[Scraped caption text data]

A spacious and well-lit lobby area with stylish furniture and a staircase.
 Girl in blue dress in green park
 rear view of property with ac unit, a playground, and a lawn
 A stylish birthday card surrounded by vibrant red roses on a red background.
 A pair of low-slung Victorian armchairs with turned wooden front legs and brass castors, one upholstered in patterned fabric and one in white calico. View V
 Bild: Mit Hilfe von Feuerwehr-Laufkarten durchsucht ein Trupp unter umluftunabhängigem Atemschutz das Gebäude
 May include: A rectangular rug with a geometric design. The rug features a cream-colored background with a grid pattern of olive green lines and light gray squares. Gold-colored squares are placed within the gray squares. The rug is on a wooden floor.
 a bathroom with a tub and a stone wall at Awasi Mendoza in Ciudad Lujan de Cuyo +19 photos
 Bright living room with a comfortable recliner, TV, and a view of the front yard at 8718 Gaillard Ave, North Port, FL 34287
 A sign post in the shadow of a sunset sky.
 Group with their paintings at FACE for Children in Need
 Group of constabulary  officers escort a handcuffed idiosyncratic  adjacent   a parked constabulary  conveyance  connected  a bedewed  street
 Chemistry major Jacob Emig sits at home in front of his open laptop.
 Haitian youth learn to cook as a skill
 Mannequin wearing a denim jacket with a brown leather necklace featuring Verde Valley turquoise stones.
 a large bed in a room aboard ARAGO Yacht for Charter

#### [ACTION ITEM]
In the entries above, the lines from the one bearing "A pair of low-slung" up to and including the one bearing "a bathroom with" should be transcribed exactly; no other line is wanted.

#### [RESPONSE BOX]
 A pair of low-slung Victorian armchairs with turned wooden front legs and brass castors, one upholstered in patterned fabric and one in white calico. View V
 Bild: Mit Hilfe von Feuerwehr-Laufkarten durchsucht ein Trupp unter umluftunabhängigem Atemschutz das Gebäude
 May include: A rectangular rug with a geometric design. The rug features a cream-colored background with a grid pattern of olive green lines and light gray squares. Gold-colored squares are placed within the gray squares. The rug is on a wooden floor.
 a bathroom with a tub and a stone wall at Awasi Mendoza in Ciudad Lujan de Cuyo +19 photos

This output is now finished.